The callous, indifferent roughness surprised me. The dark air was cool, as I recall. Back in Georgia, the sticky air would have exaggerated that familiar June heat. But here, in places that maps never illustrated and where people sparsely traveled, the air hovered delicately like a crisp October morning over dry lands of the African savanna. Again, the hands like sandpaper immersed my feet in the cool bath. As she sat on the ground, never looking up, she washed my feet with the gentlest care possible out of sheer gratitude. I could see the glitter of hope surface in her dark eyes as her dormant dreams awoke.
Earlier that day long before any coolness could be found, the ladies of the village enlisted my knowledge in teaching them to make "smashed" potatoes. After one successful batch, I stepped out of the smoky hut and saw her. Though the sun assaulted everything in its reaches like the blazing spears of Zeus himself, she was perched on a bench right in front of the cabin. She was young, though the wrinkles had started to form -- not from worries or fears, but from years of genuine hard labor. She had a pair of shoes resting in her lap and frustration engulfing her attempts at the laces. I sat down and asked if she needed help. Answering my question, she placed a tiny shoe in my grasp. I laced the shoes, her eyes examining the threading and weaving with each eyelet. Without a word, she picked up the other shoe and began to retrace every turn she had just studied. She smiled with furrowed brows, questioning my actions. Hoping I had not offended her, I left to wash my hands for supper. After all the "smashed" potatoes were eaten, dusk beckoned everyone, Americans and Zambians alike, to retreat to the pavilion for worship.

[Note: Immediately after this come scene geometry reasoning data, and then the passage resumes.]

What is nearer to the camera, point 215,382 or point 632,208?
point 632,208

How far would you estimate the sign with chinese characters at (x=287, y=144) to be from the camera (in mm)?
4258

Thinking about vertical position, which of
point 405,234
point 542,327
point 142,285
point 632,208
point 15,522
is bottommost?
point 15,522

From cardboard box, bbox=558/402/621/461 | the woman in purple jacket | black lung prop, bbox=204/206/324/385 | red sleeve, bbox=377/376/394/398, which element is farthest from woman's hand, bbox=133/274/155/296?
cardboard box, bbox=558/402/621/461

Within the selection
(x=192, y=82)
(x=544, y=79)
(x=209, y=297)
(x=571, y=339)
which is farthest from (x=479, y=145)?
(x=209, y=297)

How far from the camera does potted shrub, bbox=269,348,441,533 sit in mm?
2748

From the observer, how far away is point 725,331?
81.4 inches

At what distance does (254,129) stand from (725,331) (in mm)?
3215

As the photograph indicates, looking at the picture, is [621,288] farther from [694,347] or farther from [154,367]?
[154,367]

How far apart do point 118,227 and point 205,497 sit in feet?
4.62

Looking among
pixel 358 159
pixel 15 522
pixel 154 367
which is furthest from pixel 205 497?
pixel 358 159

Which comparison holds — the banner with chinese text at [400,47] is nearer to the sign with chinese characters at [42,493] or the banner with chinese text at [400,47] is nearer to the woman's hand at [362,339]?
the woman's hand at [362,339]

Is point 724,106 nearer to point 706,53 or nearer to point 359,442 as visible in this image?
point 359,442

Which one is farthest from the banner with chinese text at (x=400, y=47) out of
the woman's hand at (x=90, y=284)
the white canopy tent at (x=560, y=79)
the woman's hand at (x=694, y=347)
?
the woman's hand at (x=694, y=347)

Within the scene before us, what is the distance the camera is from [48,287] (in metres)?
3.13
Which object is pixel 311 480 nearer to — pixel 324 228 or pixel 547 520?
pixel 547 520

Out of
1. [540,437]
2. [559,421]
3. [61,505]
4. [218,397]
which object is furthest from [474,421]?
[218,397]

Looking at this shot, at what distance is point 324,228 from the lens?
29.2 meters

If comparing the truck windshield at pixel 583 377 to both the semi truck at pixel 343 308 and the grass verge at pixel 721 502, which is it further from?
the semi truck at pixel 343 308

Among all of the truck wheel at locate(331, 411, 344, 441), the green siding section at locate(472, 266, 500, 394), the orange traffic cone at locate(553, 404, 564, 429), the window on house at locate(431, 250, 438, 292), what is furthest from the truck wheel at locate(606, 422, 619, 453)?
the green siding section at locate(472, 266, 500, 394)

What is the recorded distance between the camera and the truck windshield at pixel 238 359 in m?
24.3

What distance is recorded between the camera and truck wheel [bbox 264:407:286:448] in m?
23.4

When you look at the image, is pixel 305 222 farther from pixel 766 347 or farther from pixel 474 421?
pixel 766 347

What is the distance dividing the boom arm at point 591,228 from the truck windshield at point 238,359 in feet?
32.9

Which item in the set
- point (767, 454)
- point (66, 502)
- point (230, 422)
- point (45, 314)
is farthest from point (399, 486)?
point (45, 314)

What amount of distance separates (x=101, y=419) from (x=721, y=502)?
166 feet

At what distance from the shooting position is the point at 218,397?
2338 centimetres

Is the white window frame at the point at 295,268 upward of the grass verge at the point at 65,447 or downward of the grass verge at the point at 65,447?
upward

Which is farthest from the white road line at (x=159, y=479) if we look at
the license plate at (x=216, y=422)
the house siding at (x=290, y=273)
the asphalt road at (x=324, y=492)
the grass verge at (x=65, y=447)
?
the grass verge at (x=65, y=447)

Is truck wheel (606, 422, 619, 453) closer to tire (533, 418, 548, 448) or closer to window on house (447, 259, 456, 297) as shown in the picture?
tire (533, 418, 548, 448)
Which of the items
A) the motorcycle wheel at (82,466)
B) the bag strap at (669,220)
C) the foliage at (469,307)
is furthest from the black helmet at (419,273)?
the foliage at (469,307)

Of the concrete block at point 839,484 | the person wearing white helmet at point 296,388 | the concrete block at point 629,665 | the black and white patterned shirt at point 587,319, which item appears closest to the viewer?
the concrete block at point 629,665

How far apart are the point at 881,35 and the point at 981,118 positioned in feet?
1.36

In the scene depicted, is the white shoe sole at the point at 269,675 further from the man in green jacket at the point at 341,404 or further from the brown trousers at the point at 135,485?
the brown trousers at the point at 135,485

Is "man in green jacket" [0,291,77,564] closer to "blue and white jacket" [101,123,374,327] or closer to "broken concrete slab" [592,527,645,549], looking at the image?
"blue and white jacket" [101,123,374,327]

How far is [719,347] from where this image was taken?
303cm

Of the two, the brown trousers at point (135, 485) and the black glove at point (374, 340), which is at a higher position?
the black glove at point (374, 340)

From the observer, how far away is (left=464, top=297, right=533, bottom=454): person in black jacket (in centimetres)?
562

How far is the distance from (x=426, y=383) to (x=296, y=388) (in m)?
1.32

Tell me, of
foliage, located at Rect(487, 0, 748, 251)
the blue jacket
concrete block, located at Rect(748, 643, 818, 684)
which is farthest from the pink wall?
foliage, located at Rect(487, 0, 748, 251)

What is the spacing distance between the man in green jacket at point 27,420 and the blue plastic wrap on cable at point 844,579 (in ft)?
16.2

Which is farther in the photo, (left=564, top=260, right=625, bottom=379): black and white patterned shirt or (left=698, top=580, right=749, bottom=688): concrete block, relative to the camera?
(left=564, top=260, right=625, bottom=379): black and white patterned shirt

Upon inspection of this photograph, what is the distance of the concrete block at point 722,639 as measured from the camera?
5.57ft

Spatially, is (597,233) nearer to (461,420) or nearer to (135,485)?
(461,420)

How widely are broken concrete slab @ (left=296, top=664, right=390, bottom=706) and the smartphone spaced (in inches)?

We Americans lounged in the coolness of the dark night. Buckets and basins began to appear, and as this night was our first night in the village of Kazemba, we did not yet understand what was to come. I prayed in the silent stillness of the night, closing my eyes to let my mind wander wherever the African countryside carried my drifting dreams. A tug at my shoe startled me. I opened my eyes to find the lace lady kneeling on the ground before me. This woman, with few possessions and even fewer blessings, removed my shoes and washed my feet. I could not fathom what realms compelled her to such an act of genuine service. She finished, moved the basin, grabbed my hands, and looked directly in to my eyes. As the tears began to stream from her eyes, I witnessed all her anger and anguish, her hurt and her hardships, her pain pour from her heart, leaving a sparkle holding lost dreams and hopes. She smiled, then slowly and steadily she left the ground and returned to the cool darkness with her basin.
John Lennon's infamous words still linger in our culture today: "All you need is love." I never knew that woman's name, nor did she know mine; she never said a single word to me. However, her overwhelming flood of emotions exclaimed more lessons and personal connections than I could ever derive from knowing her name. For her, taking five minutes to teach her how to tie shoes showed her that someone cares about her and wants to help her, that someone loves her. No matter what this woman did or did not have, she found love in the compassion of a total stranger, leading her to hope and dream again. Love -- selfless, compassionate, merciful love -- defies all preconceptions, breaks every boundary, and lights every darkness. When love is not obligated or expected, when love flows free and boundless, change comes. Love can change the world, even one person's world at a time. All that person needs is love.